Rich Landscapes of Learning

Exploring Visions for the Learning Sciences in the Future


Invitation and Initial Themes

Input from Participants for Discussion Topics

Answers from Exercise “Vision of the Past” versus “Vision of the Future”

Additional Remarks (Vision, Science of Learning, Movie)

Invitation and Initial Themes


The meeting will bring together a small number of researchers in the Learning Sciences coming from different backgrounds and different countries who are interested (based on their respective background knowledge) to explore visions for the learning sciences in the future. The agenda will be driven by evolving ideas and discussions rather than by a fixed set of presentation. The events will not only include sessions in conference rooms, but interactions and discussion during joint walks/hikes and over meals as well. The spirit of the meeting will be focused on collaborative brainstorming and knowledge construction based on “learning when the answer is not known” and taking advantage of the “symmetry of ignorance”, “conceptual collisions”, and “epistemological pluralism” among the participants.
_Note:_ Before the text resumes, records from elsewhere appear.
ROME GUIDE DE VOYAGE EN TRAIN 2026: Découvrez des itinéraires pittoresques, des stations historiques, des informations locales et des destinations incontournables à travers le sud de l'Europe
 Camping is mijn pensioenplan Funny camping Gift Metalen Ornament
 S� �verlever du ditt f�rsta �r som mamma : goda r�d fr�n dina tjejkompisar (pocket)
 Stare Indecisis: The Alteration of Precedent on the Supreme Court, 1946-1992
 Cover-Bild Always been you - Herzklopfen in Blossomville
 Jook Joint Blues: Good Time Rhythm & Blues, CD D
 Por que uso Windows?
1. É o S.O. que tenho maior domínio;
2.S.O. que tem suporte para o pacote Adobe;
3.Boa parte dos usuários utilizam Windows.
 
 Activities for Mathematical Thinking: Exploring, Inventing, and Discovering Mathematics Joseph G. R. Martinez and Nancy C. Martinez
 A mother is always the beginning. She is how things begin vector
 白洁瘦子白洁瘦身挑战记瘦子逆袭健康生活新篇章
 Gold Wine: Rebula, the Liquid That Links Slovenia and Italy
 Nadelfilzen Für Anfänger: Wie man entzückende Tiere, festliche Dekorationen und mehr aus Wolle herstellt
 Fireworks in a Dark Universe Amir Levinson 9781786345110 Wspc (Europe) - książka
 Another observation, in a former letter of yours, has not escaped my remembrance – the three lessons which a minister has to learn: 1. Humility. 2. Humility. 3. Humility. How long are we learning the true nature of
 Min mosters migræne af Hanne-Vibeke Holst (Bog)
Initial Themes (to be further elaborated and refined by all participants)

  • different facets of learning: lifelong, formal, informal, self-directed, interest- and passion-based, cyberlearning, problem-based, collaborative, peer-based, self-regulated, ……………
  • concepts: rethinking education in the age of technology, mindsets, learning analytics and big data, MOOCs, argumentation, cultures of participation, cultures of creativity, Maker culture, 21st century skills, mass collaboration, grand challenges of technology-enhanced learning, …..………………..
  • transformations (as complements not as replacements)
    • have to learn                                                  →             want to learn
    • teacher, learner = f{person}                   →             teacher, learner = f{context}
    • learning on demand                                    →             using on demand
  • design trade-offs (“Faustian Bargains”):
    • information and participation overload                     ↔         context awareness
    • extrinsic motivation                                                            ↔         intrinsic motivation
    • learning about                                                                       ↔         learning to be
    • learning when the answer is known                              ↔         learning when the answer is not known
    • knowledge in the head                                                        ↔         knowledge in the world
    • cultures literacy                                                                     ↔         individual, idiosyncratic interest
    • measurement against standards                                    ↔         rewarding unique achievements
    • rigor                                                                                           ↔         rigor
    • supply-driven learning                                                       ↔         demand-driven learning
    • school as “god-given” entity                                            ↔         school as social construct


Input from Participants for Discussion Topics

Ulrike Cress:

  • knowledge within social systems
  • mass collaboration
  • open resources in the Internet

Allan Collins:

  • interest-based learning
  • rethinking education in the age of technology
  • collaboration

Frank Fischer

  • 21st Century Skills like Scientific Reasoning and Argumentation
  • Participating in Communities of Practice

Iolanda Garcia

  • students’ participation in learning co-design
  • self-directed learning and open education
  • digital culture and educational change

Sharon Derry

  • designs that build informal (out of school) & formal (school) connections
  • experiential and place-based learning
  • Most of the topics listed above

Heisawn Jeong

  • Collaborative learning/knowledge co-construction/knowledge-building
  • Levels of learning/Emergence/Mass or collective collaboration
  • Culture, participation, science

Frank Shipman

  • Serious Games
  • Technology Appropriation
  • Learning Data Science

Alexander Repenning

  • Cyberlearning (the use of networking and computing to enhance learning)
  • Computing Computational Thinking
  • Transfer: assessing, and stimulating it.

Gerry Stahl

  • 21st-century skills
  • Grand challenges of technology-enhanced learning
  • Supporting and analyzing collaboration

Rogerio de Paula

  • New media and learning
  • Data analytics in learning settings and technologies (e.g. learner modeling).
  • Information practices as means to understanding learning

Julia Eberle

  • Taking advantage of the symmetry of ignorance
  • informal collaborative learning
  • cultures of participation

Cindy Hmelo-Silver

  • problem-based learning
  • technology support for collaborative learning
  • communities of learners

David Redmiles

  • Strategies in collaborative learning
  • Learning in virtual worlds
  • Identity and gender in collaborative and e-settings


Answers from Exercise “Vision of the Past” versus “Vision of the Future”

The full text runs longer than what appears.